Les habitants de Chiang Rai vous diront toujours que leur cuisine est simple. Ils disent aussi qu’elle est influencée par la Chine du Yunnan, au nord, et qu’elle utilise de nombreux ingrédients du sud, remplaçant la noix de coco et la sauce de poisson par de la pâte de piment et du sel. Mais en examinant les aliments en vente sur les deux immenses marchés de Chiang Rai, je dirais que leur cuisine est tout sauf simple dès que l’on commence à s’y plonger.

Le jour, un immense hangar faiblement éclairé situé au centre de la ville déborde d’étals où l’on vend de tout, des grenouilles et des anguilles aux vers de bambou et aux œufs de fourmis. Un interprète ou un exemplaire de l’excellent livre d’Austin Bush, The Food of Northern Thailand, sont indispensables si vous voulez identifier les légumes uniques exposés.

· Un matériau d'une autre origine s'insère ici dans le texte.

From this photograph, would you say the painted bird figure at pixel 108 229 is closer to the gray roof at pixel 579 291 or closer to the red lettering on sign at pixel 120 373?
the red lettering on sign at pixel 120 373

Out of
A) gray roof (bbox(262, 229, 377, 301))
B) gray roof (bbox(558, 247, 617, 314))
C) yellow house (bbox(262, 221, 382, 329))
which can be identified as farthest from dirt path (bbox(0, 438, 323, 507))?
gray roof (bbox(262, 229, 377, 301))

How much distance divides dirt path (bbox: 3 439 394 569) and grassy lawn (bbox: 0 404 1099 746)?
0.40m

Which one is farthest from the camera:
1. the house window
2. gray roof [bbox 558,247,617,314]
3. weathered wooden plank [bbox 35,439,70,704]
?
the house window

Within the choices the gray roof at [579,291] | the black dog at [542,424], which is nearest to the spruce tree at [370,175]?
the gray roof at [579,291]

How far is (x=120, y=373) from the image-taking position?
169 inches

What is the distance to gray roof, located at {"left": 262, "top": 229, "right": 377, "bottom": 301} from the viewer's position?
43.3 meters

Le marché de nuit, très animé, regorge d’étals aux lumières vives, dont certains sont tenus par des membres des tribus Akha, Hmong ou Karen, qui vendent des textiles et des objets d’art. L’authenticité des marchandises et des vendeurs n’est pas garantie, même si ces derniers portent des vêtements tribaux. Il y a aussi une aire de restauration en plein air très animée, avec des ingrédients présentés de manière exquise. Je mange un délicieux hotpot de style fondue composé de poulet, de grenouilles de riz frites et de succulentes nouilles à la sauce curry rouge. Un groupe folklorique et des danseurs traditionnels assurent le divertissement. L’énorme centre culturel Tawandang Mahason offre des divertissements plus bruyants. Ici, des serveuses distribuent de la cuisine nordique tandis que des groupes débitent un mélange délirant de country thaï et de light rock américain. Les chansons sont pour la plupart des ballades pathétiques sur des villageoises qui sont tombées dans la prostitution en ville – un thème qui résonne tristement chez les fermiers des collines qui, il n’y a pas si longtemps, auraient pu être obligés de donner une fille pour rembourser les dettes accumulées.

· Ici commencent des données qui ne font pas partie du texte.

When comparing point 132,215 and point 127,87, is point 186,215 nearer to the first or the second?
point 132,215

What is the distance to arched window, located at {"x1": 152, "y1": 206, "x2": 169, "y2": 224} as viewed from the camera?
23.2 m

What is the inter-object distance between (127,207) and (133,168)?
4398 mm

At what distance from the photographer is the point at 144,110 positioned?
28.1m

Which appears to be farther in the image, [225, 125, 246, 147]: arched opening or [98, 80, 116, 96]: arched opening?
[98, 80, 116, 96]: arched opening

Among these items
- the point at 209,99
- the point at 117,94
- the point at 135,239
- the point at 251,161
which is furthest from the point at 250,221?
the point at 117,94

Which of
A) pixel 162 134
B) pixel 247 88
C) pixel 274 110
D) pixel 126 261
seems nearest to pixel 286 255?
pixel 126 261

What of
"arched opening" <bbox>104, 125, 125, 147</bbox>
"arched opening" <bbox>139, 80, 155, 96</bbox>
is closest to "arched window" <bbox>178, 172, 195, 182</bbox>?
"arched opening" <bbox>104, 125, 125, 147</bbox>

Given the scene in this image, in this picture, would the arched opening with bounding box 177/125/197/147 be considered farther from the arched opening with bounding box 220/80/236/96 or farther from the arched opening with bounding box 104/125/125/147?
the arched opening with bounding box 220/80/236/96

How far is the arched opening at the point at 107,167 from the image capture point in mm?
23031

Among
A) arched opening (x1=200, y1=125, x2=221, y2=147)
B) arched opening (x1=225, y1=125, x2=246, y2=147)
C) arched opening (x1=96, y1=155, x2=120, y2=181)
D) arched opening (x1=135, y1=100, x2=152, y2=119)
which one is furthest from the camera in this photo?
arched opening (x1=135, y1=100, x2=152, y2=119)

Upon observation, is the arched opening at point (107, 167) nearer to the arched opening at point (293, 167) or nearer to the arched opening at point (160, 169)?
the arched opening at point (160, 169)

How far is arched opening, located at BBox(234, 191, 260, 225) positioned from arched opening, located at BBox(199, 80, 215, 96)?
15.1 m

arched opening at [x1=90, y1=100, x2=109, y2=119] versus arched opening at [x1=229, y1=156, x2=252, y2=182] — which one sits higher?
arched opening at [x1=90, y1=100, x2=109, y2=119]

Les meilleurs endroits pour manger à Chiang Rai sont peu sophistiqués. L’un de mes préférés, le LuLum, situé au bord de la rivière et dont les murs sont couverts de photos dédicacées de stars de feuilletons thaïlandais, sert de délicieux poissons-chats frits et des mimosas d’eau accompagnés d’une salade de papaye épicée, ainsi qu’un excellent curry de porc et de tomates. Son menu propose un large éventail de laaps. En prime, on trouve sur le menu quelques traductions anglaises douteuses classiques : entrée de soupe aux cartilages d’amertume, quelqu’un ?

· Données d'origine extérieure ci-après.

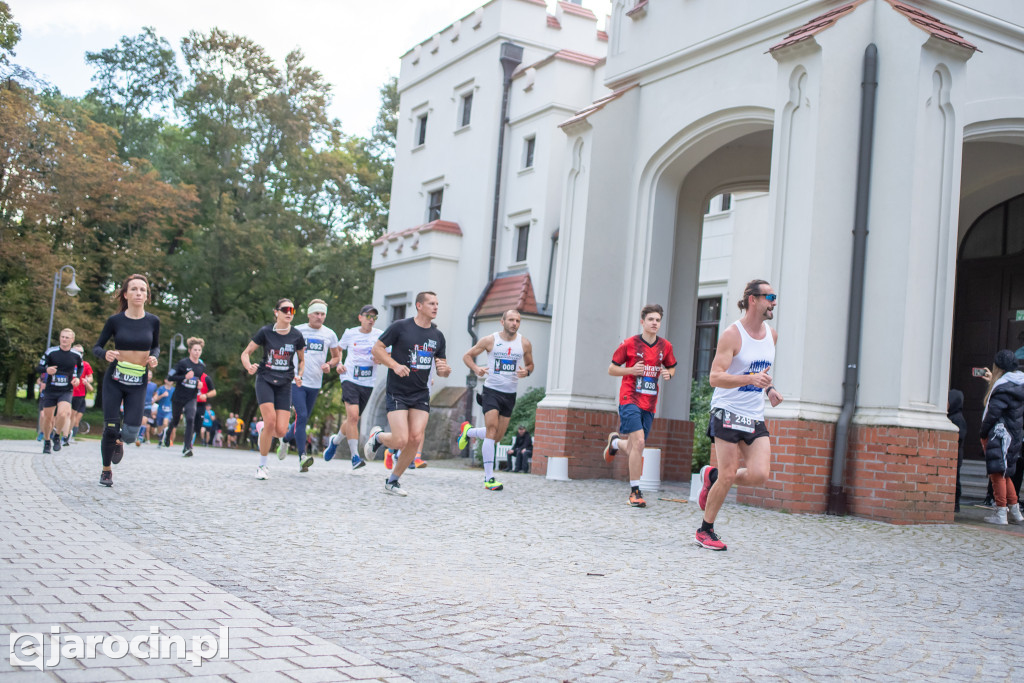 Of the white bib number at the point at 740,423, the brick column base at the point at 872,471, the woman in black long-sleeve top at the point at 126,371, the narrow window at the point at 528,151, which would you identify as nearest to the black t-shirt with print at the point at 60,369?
the woman in black long-sleeve top at the point at 126,371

Les journées passées à Chiang Rai, qu’il s’agisse de passer du temps avec les tribus des collines ou d’explorer les divers plats de rue de la ville, sont en partie définies par la nourriture – parfois aventureuse, et la plupart du temps explosivement savoureuse – et en partie par les couleurs, les arômes et le bruit. Mais surtout, les journées passées à Chiang Rai sont définies par ses habitants.